Content starts
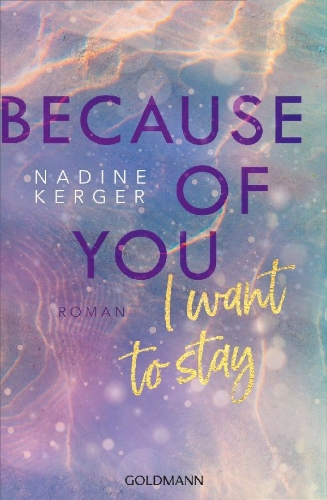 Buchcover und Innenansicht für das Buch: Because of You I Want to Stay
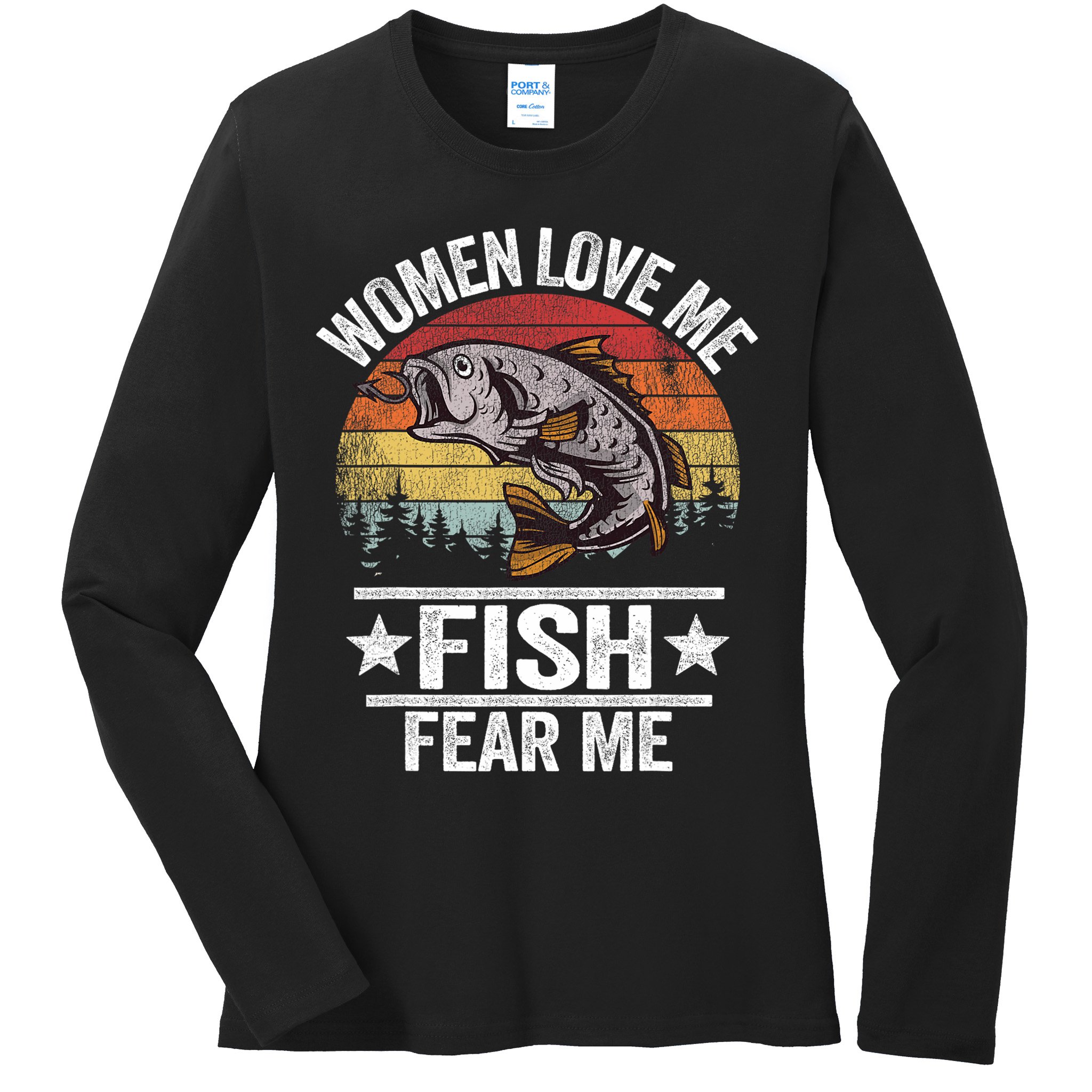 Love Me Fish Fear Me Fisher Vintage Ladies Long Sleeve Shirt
Content ends
Content starts
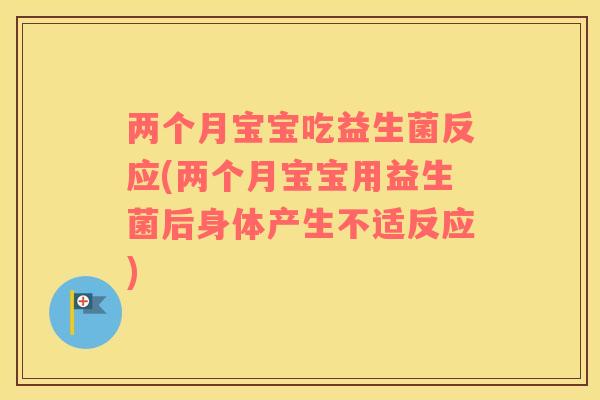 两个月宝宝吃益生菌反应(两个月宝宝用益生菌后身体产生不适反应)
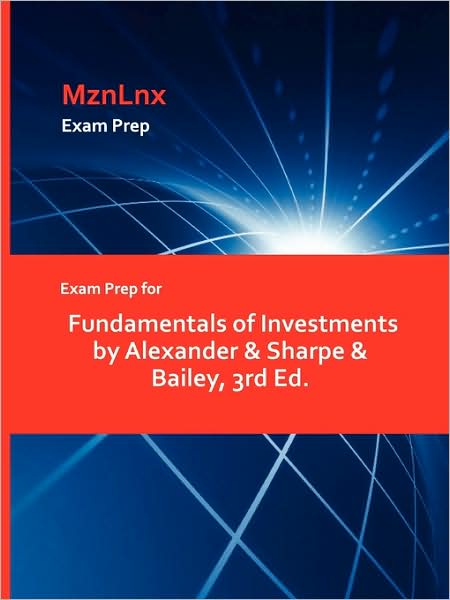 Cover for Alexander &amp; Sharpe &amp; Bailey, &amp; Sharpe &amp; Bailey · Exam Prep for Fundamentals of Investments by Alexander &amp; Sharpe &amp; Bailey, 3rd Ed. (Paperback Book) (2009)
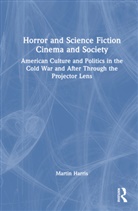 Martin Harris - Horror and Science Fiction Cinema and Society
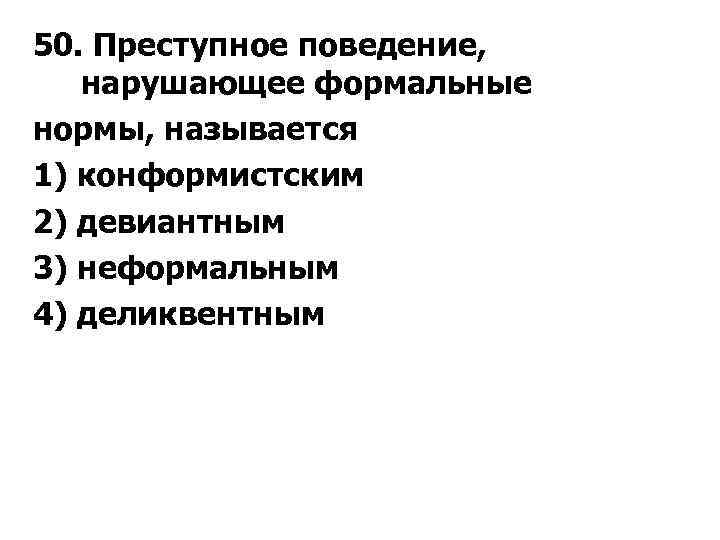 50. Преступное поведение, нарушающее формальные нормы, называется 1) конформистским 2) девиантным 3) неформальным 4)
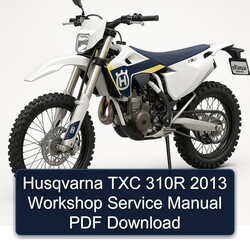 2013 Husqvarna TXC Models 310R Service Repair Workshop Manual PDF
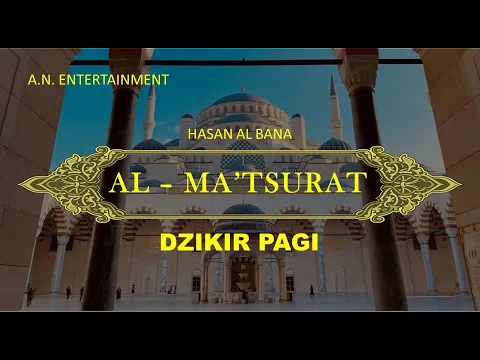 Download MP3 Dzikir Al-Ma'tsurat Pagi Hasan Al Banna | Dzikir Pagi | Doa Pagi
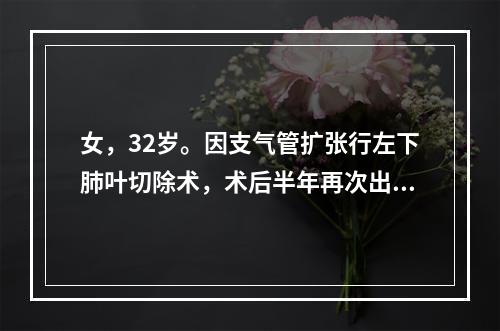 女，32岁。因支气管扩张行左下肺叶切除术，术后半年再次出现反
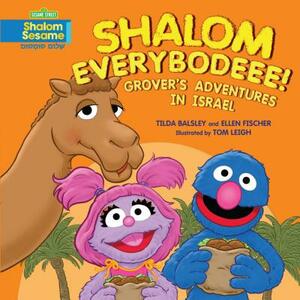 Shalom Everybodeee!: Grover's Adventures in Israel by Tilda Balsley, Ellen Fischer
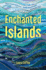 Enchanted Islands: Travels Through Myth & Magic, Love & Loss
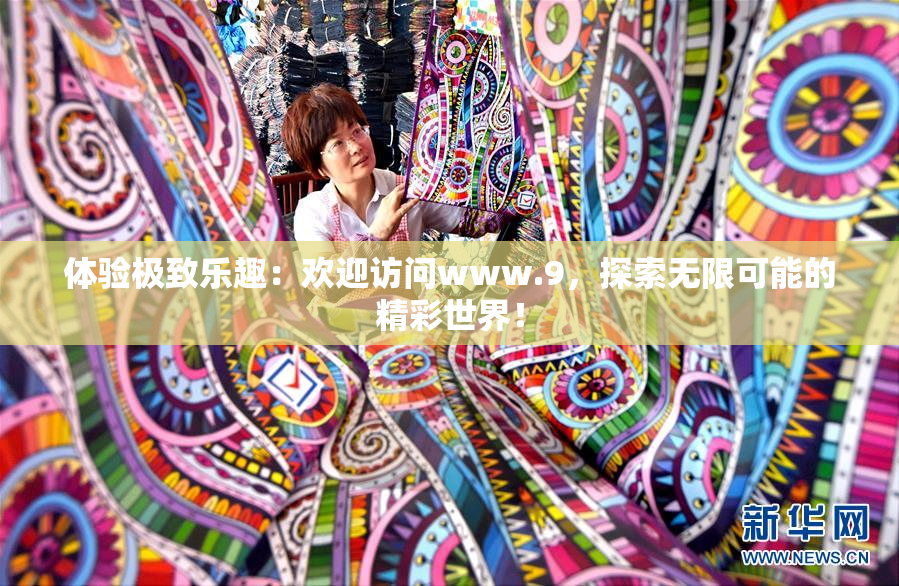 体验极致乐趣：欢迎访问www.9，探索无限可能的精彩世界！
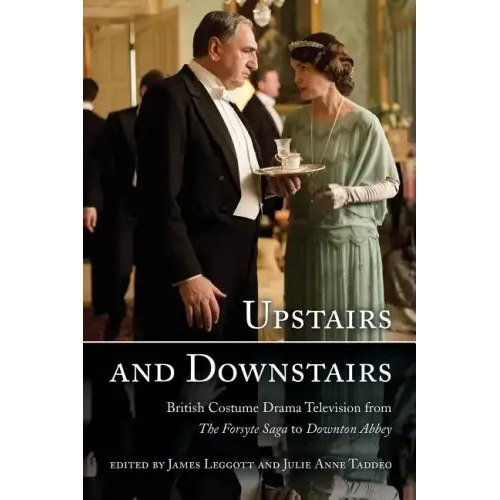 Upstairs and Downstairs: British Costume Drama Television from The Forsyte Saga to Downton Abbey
Content ends
Content starts
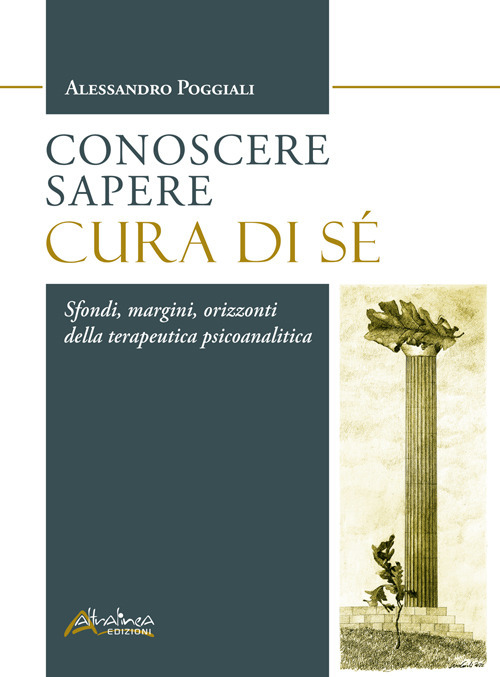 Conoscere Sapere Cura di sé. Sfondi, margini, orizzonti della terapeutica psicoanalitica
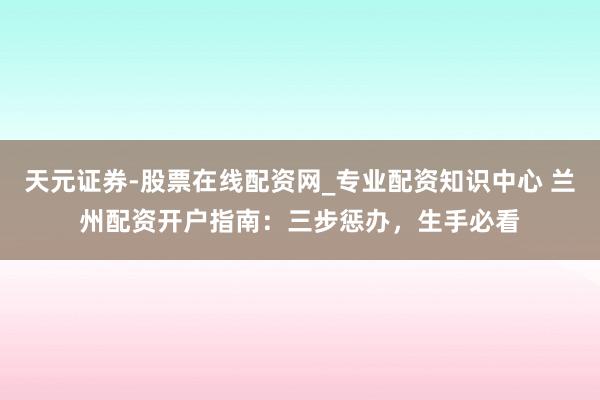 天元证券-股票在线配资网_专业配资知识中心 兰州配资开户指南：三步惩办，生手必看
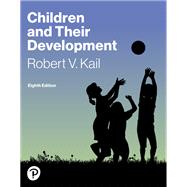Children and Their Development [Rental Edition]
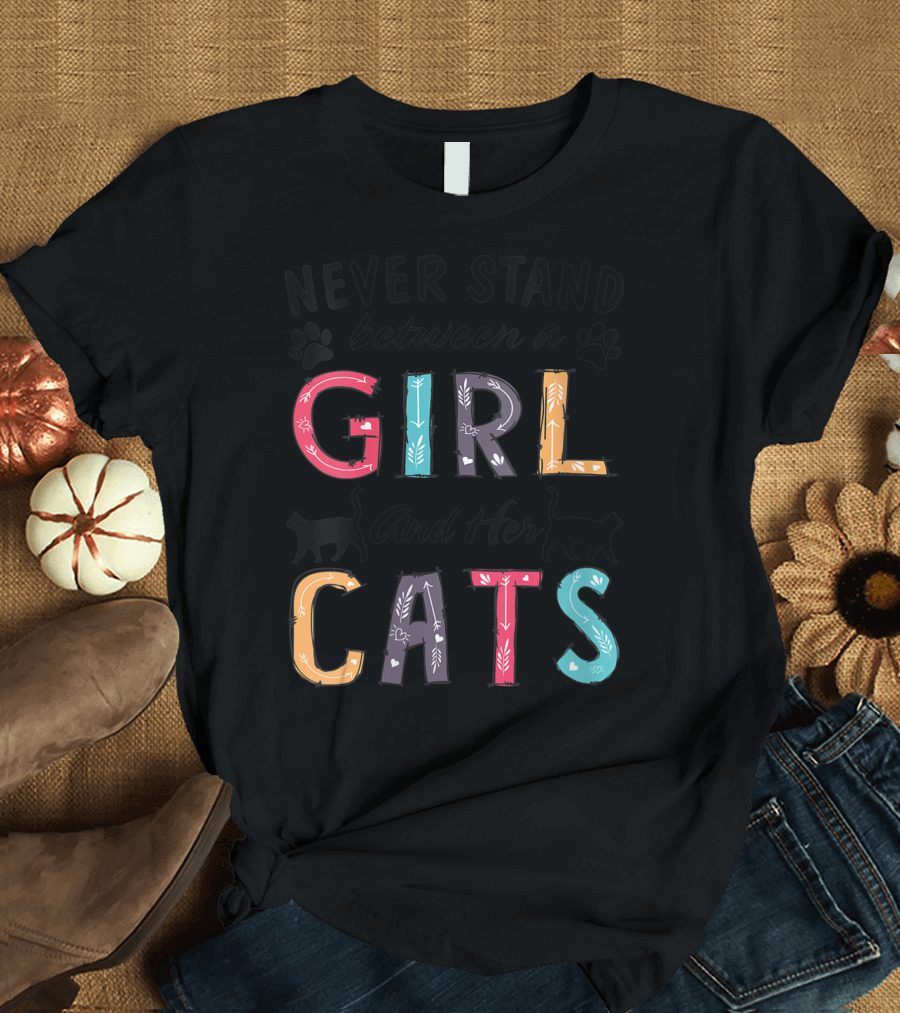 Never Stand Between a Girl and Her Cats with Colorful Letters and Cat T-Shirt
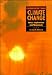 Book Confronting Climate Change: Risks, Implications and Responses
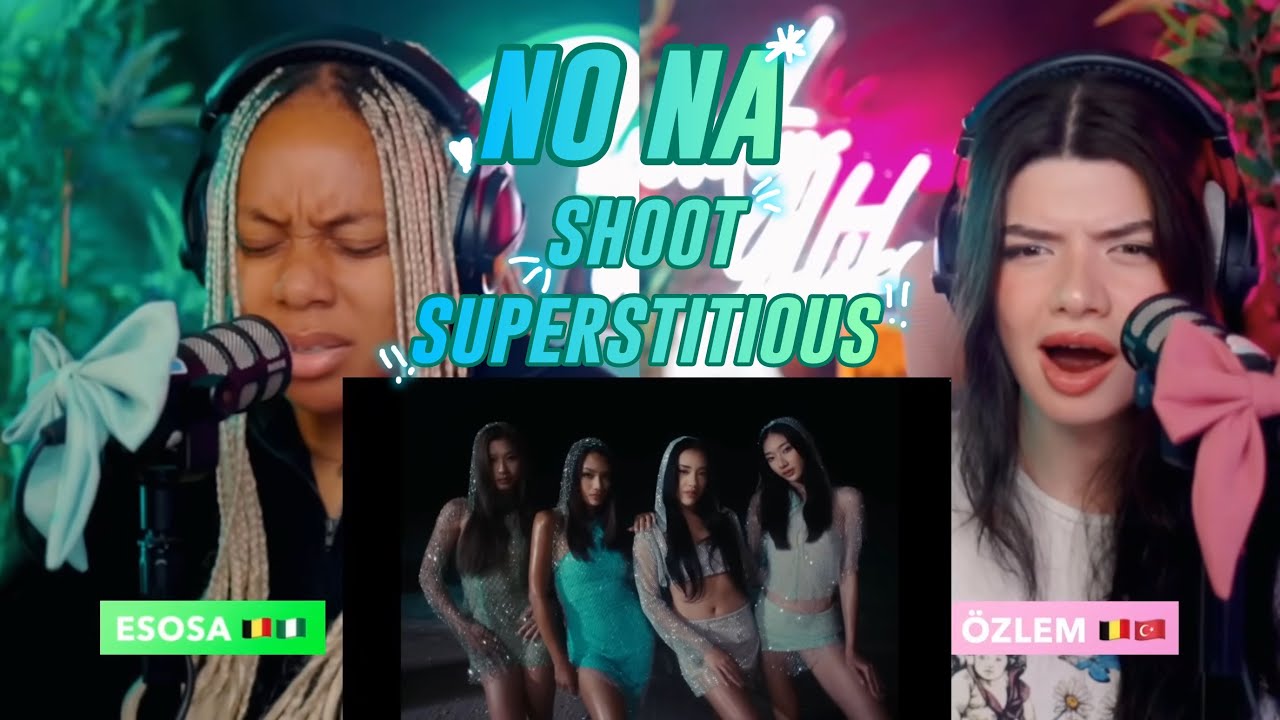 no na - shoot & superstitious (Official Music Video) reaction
Content ends
Task objective: The copy should hold exactly the lines above from the one with "2013 Husqvarna TXC" through the one with "Upstairs and Downstairs: British", both ends counted, and no pictures at all.

Answer to the problem:
 2013 Husqvarna TXC Models 310R Service Repair Workshop Manual PDF
 Download MP3 Dzikir Al-Ma'tsurat Pagi Hasan Al Banna | Dzikir Pagi | Doa Pagi
 女，32岁。因支气管扩张行左下肺叶切除术，术后半年再次出现反
 Shalom Everybodeee!: Grover's Adventures in Israel by Tilda Balsley, Ellen Fischer
 Enchanted Islands: Travels Through Myth & Magic, Love & Loss
 体验极致乐趣：欢迎访问www.9，探索无限可能的精彩世界！
 Upstairs and Downstairs: British Costume Drama Television from The Forsyte Saga to Downton Abbey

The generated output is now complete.